**What this task involves**: Once you reach the line with "Men Slim Fit", transcribe it and every line after it to the end of the records, exactly, but not the pictures.

**Provided information**:
*** Block opens ***
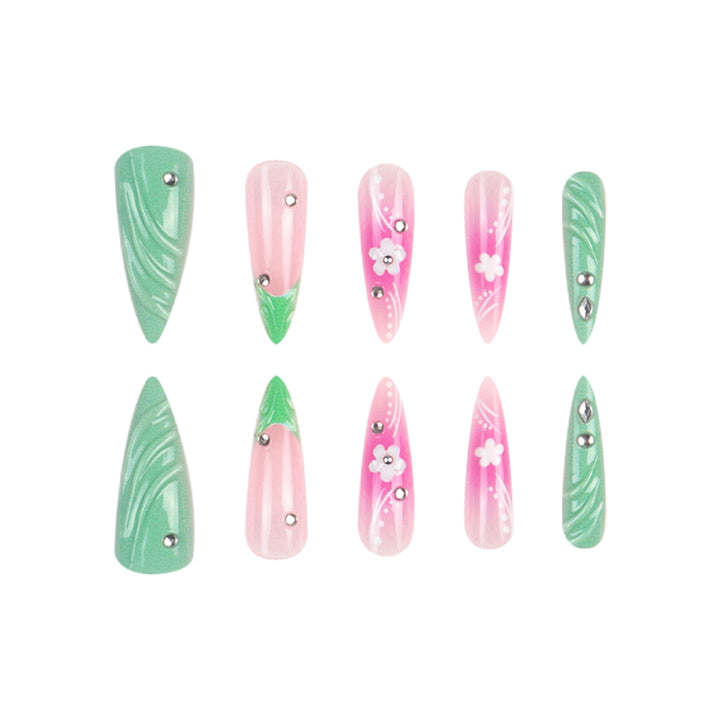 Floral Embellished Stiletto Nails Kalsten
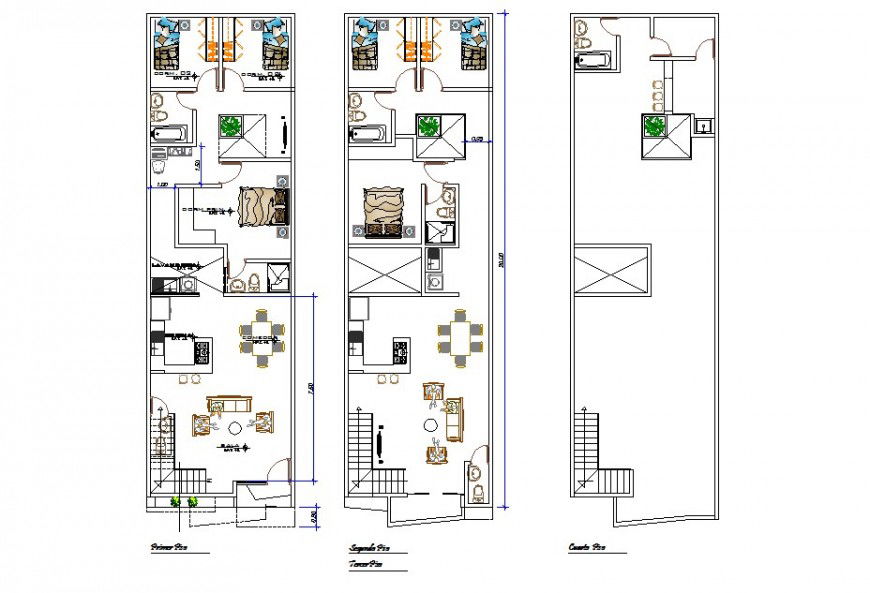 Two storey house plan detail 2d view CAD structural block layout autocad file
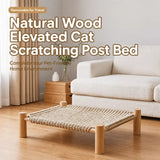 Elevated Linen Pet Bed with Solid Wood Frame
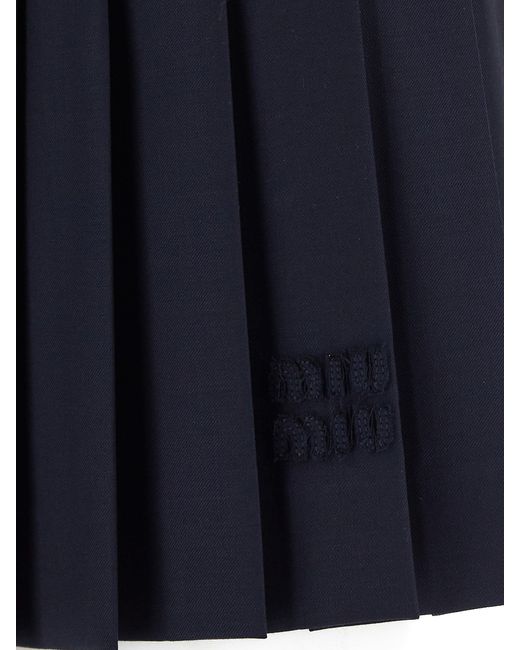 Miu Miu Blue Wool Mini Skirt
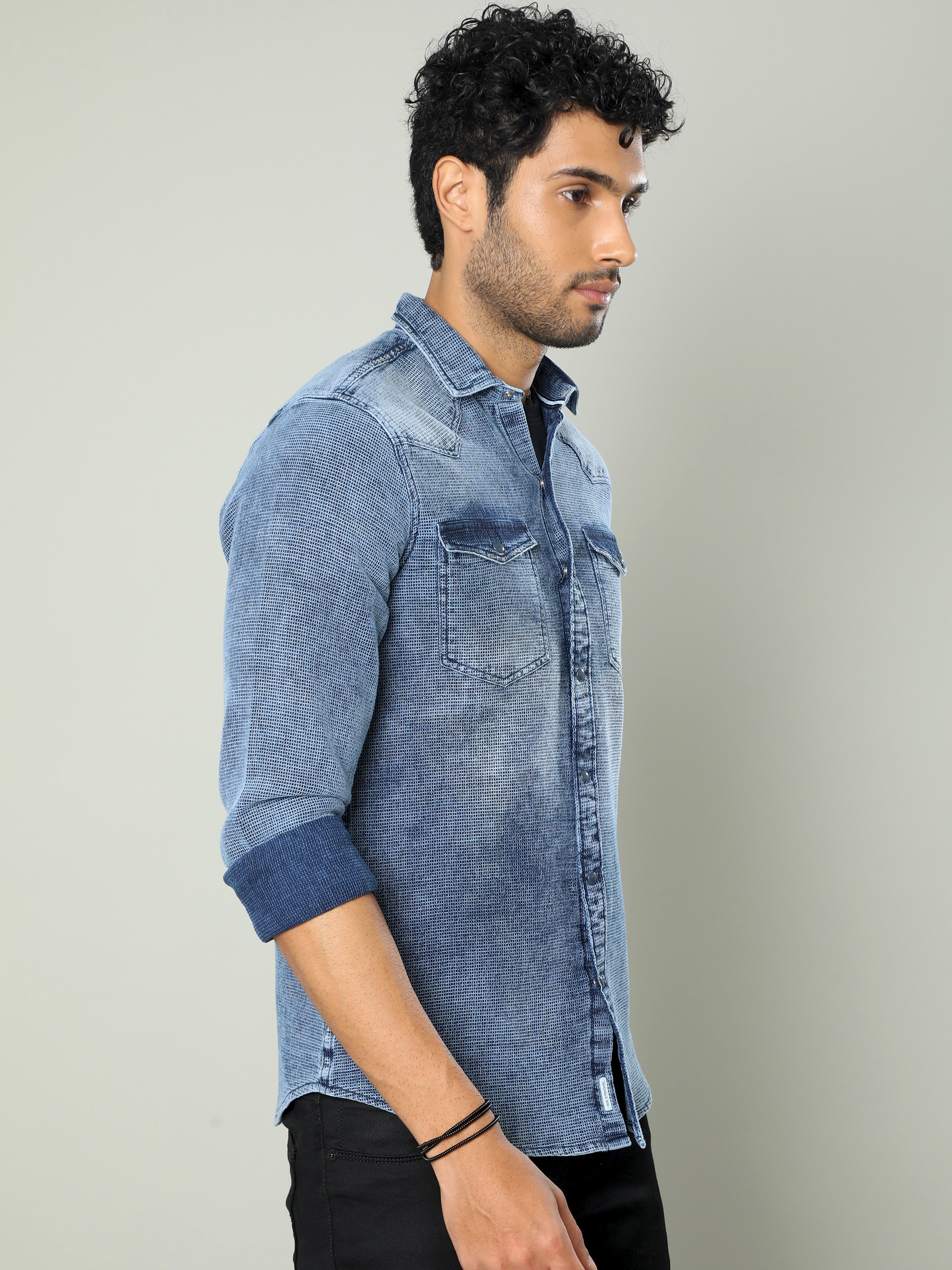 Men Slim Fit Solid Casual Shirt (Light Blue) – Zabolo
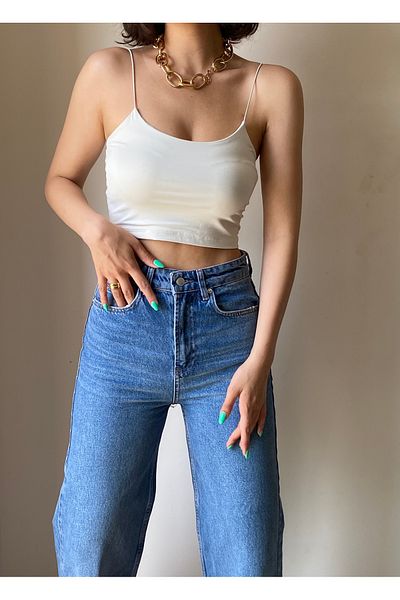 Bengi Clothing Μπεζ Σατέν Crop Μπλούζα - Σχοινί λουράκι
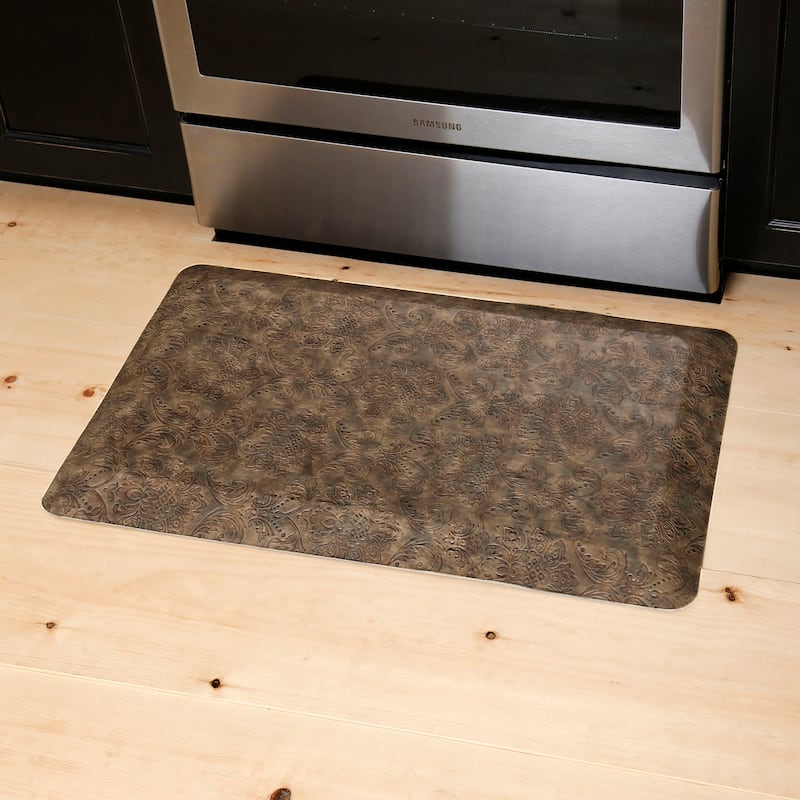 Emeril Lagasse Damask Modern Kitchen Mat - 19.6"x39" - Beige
*** Block closes ***
**Written answer**:
 Men Slim Fit Solid Casual Shirt (Light Blue) – Zabolo
 Bengi Clothing Μπεζ Σατέν Crop Μπλούζα - Σχοινί λουράκι
 Emeril Lagasse Damask Modern Kitchen Mat - 19.6"x39" - Beige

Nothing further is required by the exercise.